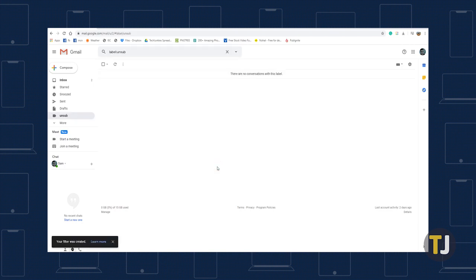With your new label, Gmail will scan every email that comes into your inbox for the word unsubscribe, label it and move it. From here, it's easy to find emails you might want to unsubscribe from, in order to remove yourself from mailing lists entirely.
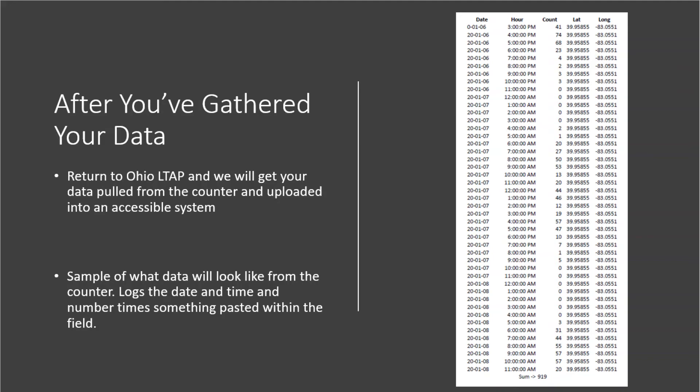As you can see from the sample data posted, we left the TRAFx trail counter out in front of the ODOT main office from 3 p.m. Monday, January 6th to 11 a.m. Wednesday, January 8th, 2020 in a singular location, collecting 919 people passing through the trail counter's range.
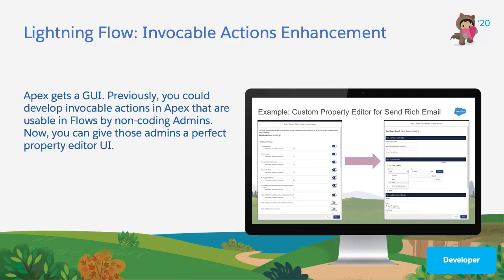In the summer release, Invocable Actions have added two powerful new capabilities: the ability to add a custom property editor, and the ability to add input and output attributes that use generic SObject and SObject collection types. Together, these new features add a new dimension to Invocable Actions' unique ability to turn your custom code into point-and-click building blocks that your admins can use and customize. This is the best of clicks and code working together, and it's an approach that maximizes the leverage of your team's developers, even as it lets them spend more time doing the coding they enjoy and less time adding one-off customizations.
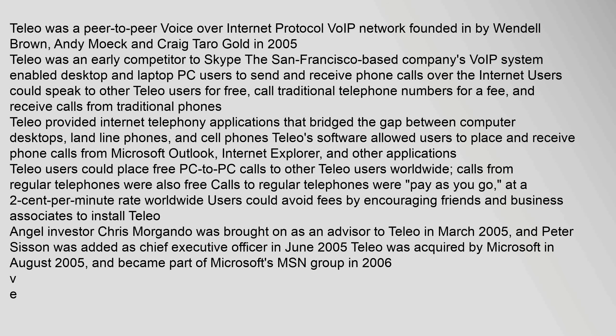At a two-cent-per-minute rate worldwide, users could avoid fees by encouraging friends and business associates to install Telio. Angel investor Chris Morgando was brought on as an advisor to Telio in March 2005, and Peter Sisson was added as chief executive officer in June 2005. Telio was acquired by Microsoft in August 2005 and became part of Microsoft's MSN group in 2006.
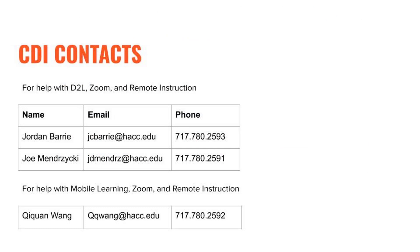Alright, so those are the basics of creating a Dropbox submission folder in D2L. If you want more information on how to review, assess, grade, and provide feedback for student submissions, click on the link at the end of this video. I hope you found this video useful. Please don't hesitate to reach out to the CDI team for help if you ever get stuck along the way. All the best.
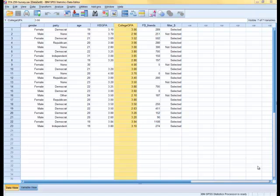Hello all. Today I'm going to show you how to do the correlation and regression procedures in SPSS. I'm going to use the Statistics 250 survey data.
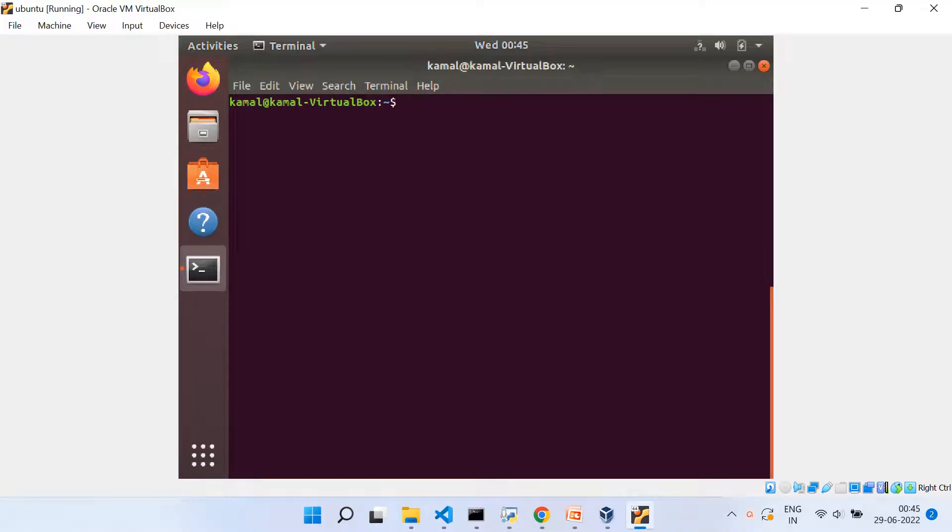Hello and welcome once again. In this video, we'll be talking about how to install Jenkins on your Ubuntu virtual machine.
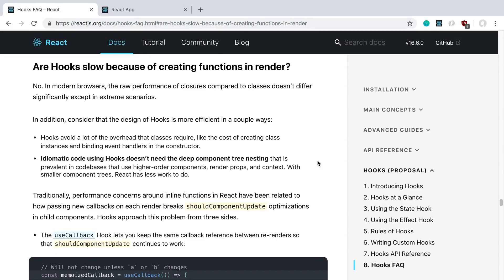A question I've been seeing is whether React hooks hurt performance because we're going to be creating a lot of functions, especially in the render. They answer this quite well in the React docs, and the answer is no, it does not hurt performance.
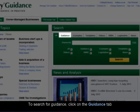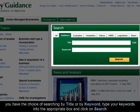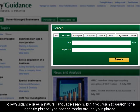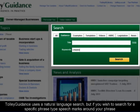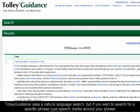To search for guidance, click on the Guidance tab. You have the choice of searching by title or by keyword. Type your keywords into the appropriate box and click on Search. Tolley Guidance uses a natural language search, but if you wish to search for a specific phrase, type speech marks around your phrase. Type your keywords in order of relevance.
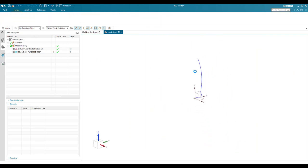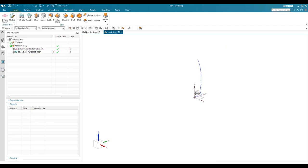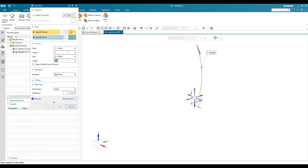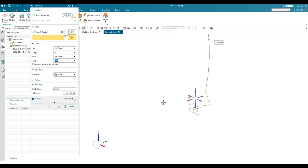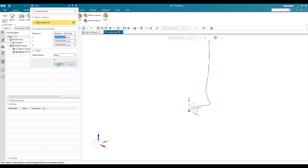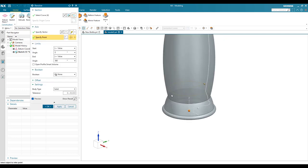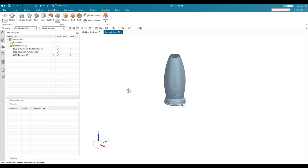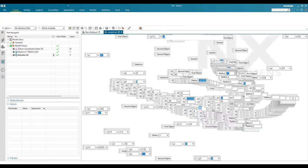That's all for this sketch, so finish the sketch. Now I'm going to revolve it. Go to Revolve, select this sketch, set the rotation vector along this axis, and the point at 0,0,0. Instead of solid, keep it as a sheet and click OK.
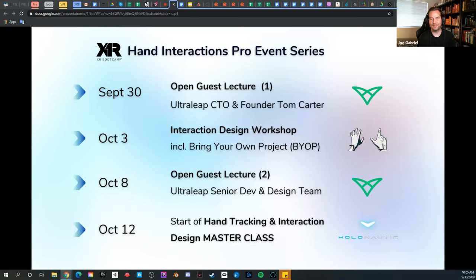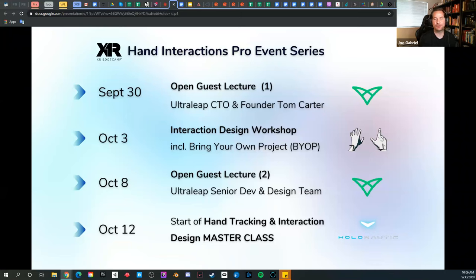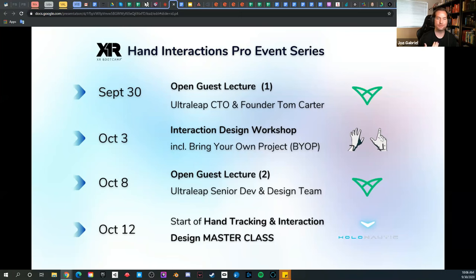Thank you so much for being here. Good morning and welcome to the open guest lecture today with Ultraleap CTO and co-founder Tom Carter, as part of our Hand Interactions Pro event series. I'm Joe Gabriel, calling in from Seattle, Washington as part of the XR Bootcamp team. I'm really grateful to have Tom and the Ultraleap folks here, and everyone around the world joining from different time zones.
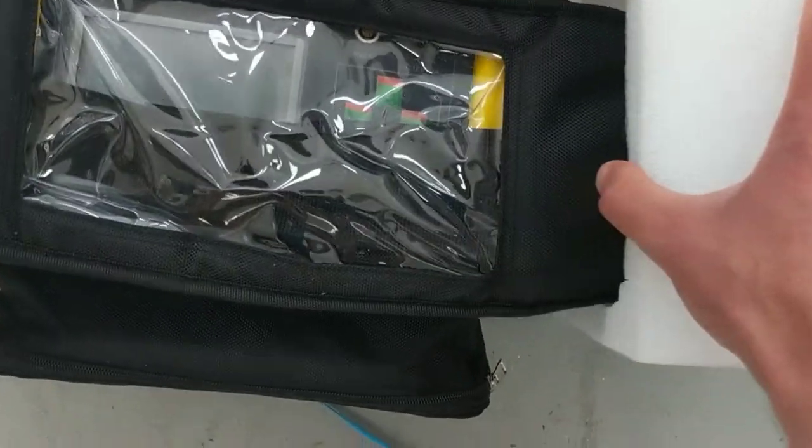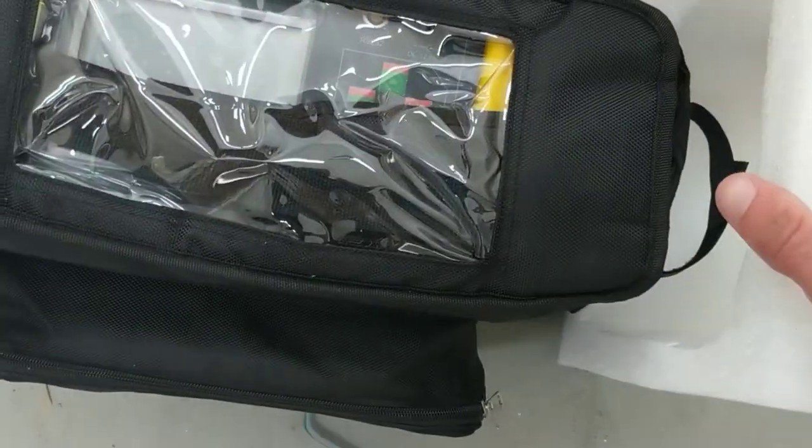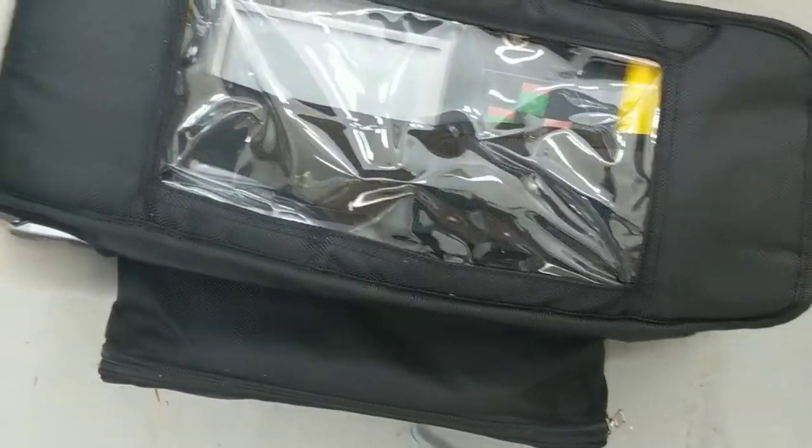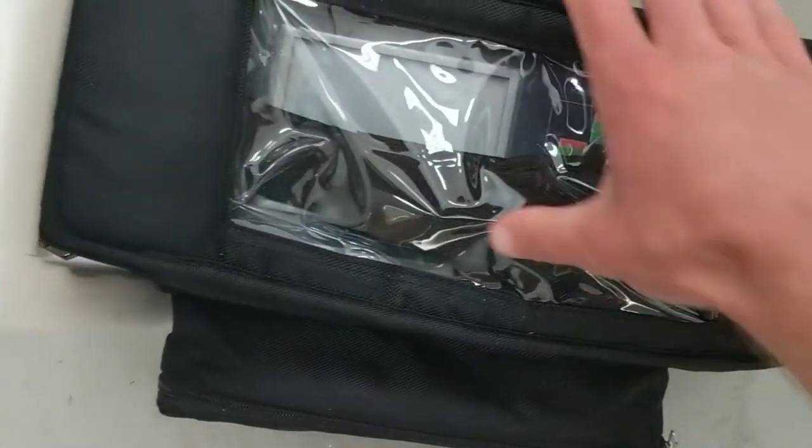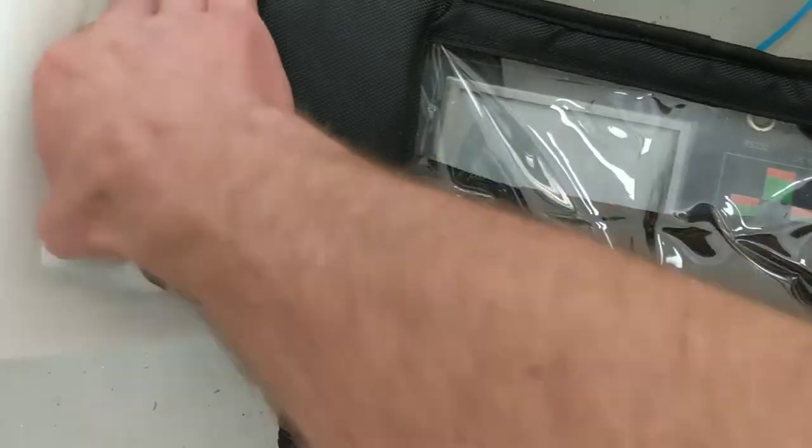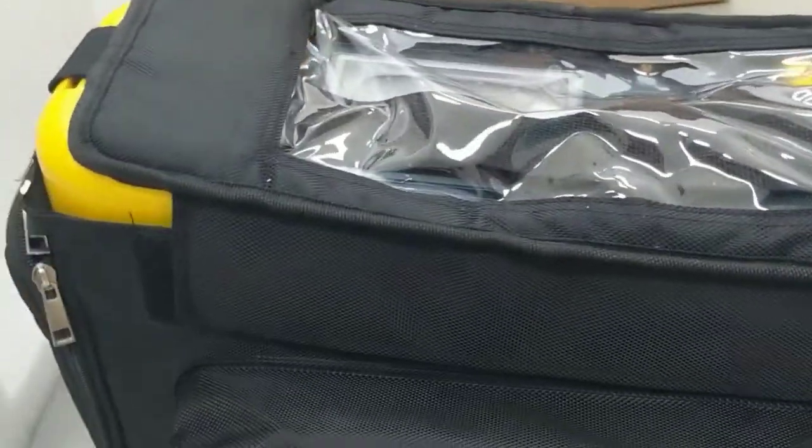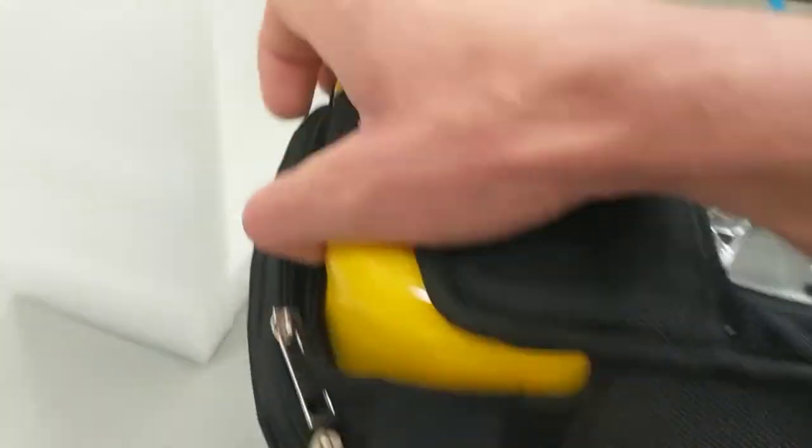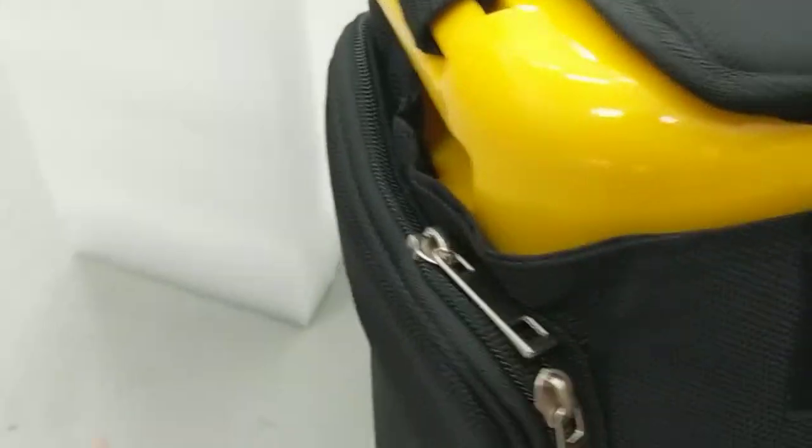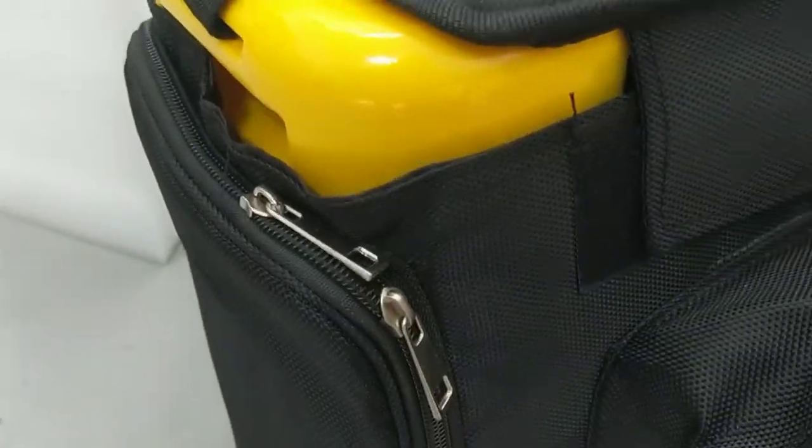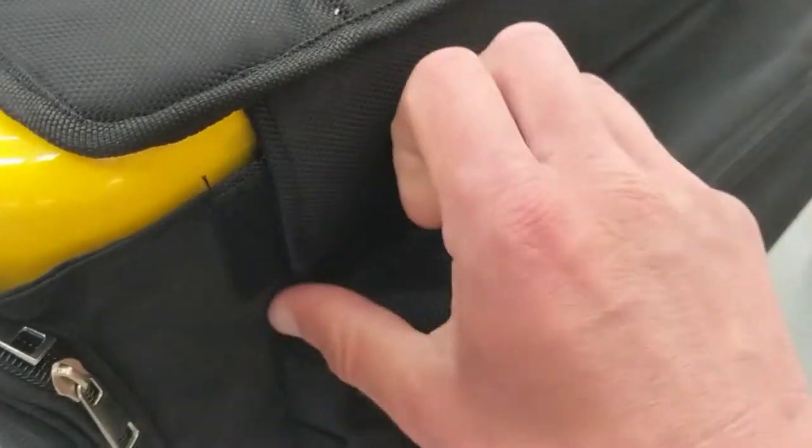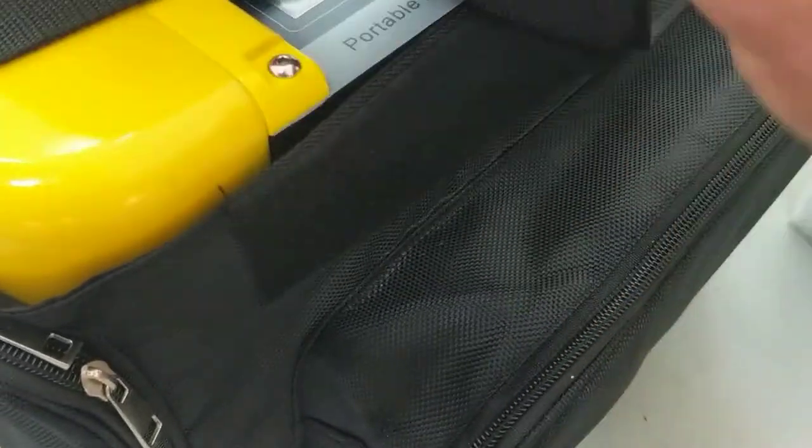Okay, this is the portable version which means it's got a fancy carrying case. Ooh, velcro.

^^^^^^^^^^^^^^^^

What you have to do:
From the records above, copy only the lines running from the line containing "A question I've" to the line containing "To search for guidance, click", both ends included. Leave the pictures out.

Solution to the exercise:
A question I've been seeing is whether React hooks hurt performance because we're going to be creating a lot of functions, especially in the render. They answer this quite well in the React docs, and the answer is no, it does not hurt performance.
To search for guidance, click on the Guidance tab. You have the choice of searching by title or by keyword. Type your keywords into the appropriate box and click on Search. Tolley Guidance uses a natural language search, but if you wish to search for a specific phrase, type speech marks around your phrase. Type your keywords in order of relevance.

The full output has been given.